**Problem**:
With pictures left out, retype exactly the lines from the one containing "Повторитель поворота в" through the final line of the entries.

--- --- ---

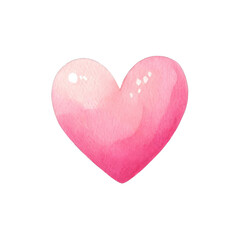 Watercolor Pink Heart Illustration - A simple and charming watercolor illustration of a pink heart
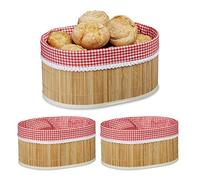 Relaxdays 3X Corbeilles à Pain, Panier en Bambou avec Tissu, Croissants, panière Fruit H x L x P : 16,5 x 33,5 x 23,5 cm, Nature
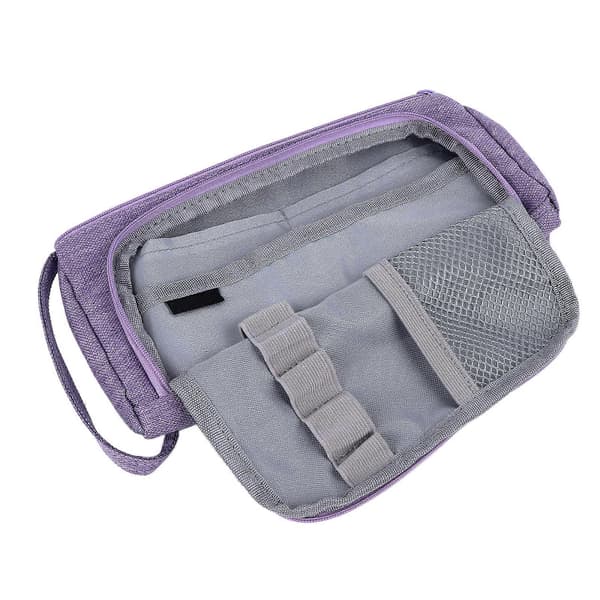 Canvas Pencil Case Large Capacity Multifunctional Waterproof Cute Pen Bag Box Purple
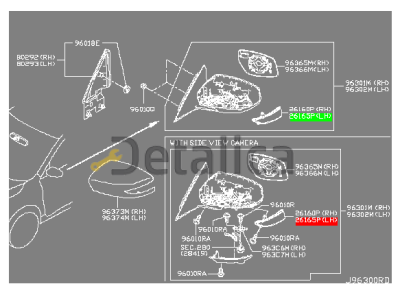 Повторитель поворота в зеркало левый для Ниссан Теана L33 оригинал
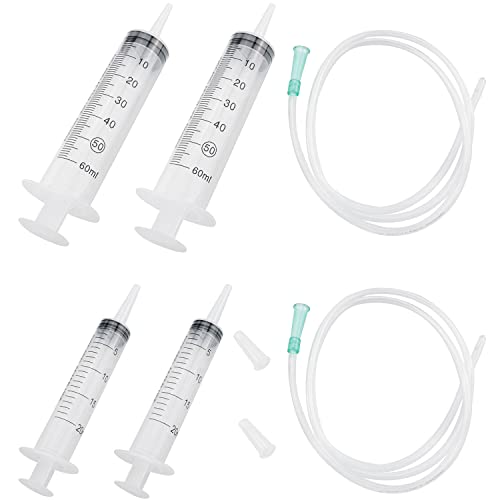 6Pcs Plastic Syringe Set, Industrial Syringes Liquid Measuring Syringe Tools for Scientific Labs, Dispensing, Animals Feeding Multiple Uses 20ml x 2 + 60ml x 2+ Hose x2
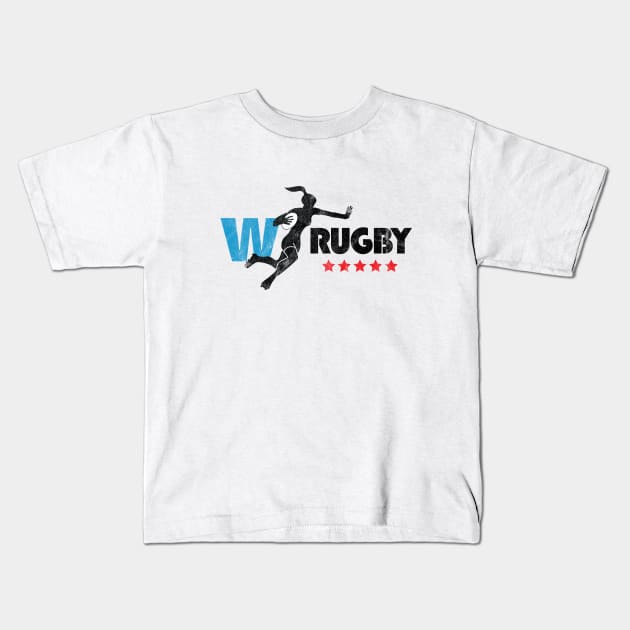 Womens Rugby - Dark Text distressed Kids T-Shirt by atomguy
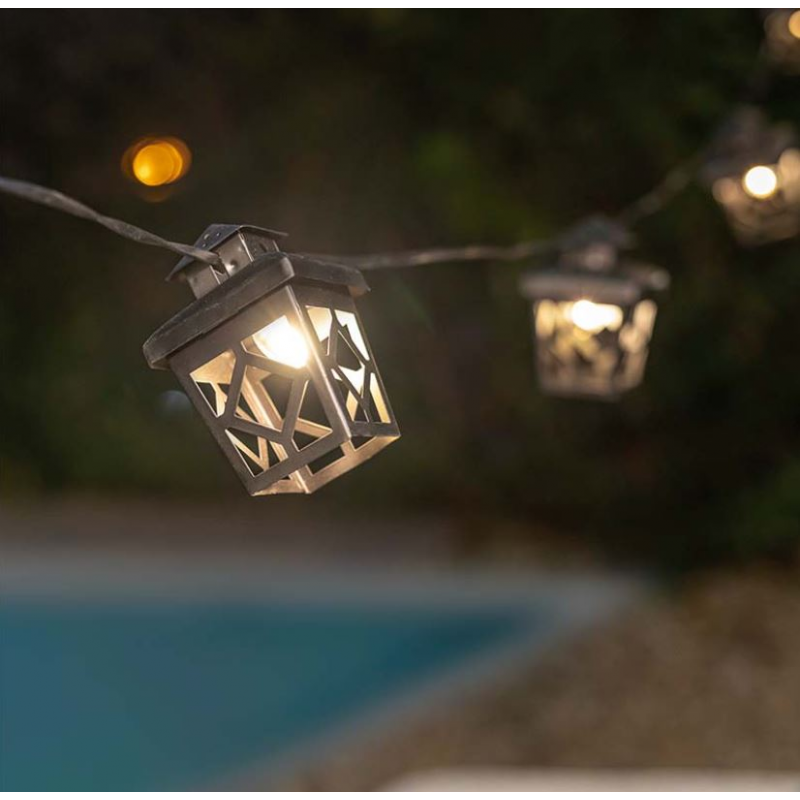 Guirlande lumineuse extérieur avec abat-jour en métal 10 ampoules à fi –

--- --- ---

**Written solution**:
 Повторитель поворота в зеркало левый для Ниссан Теана L33 оригинал
 6Pcs Plastic Syringe Set, Industrial Syringes Liquid Measuring Syringe Tools for Scientific Labs, Dispensing, Animals Feeding Multiple Uses 20ml x 2 + 60ml x 2+ Hose x2
 Womens Rugby - Dark Text distressed Kids T-Shirt by atomguy
 Guirlande lumineuse extérieur avec abat-jour en métal 10 ampoules à fi –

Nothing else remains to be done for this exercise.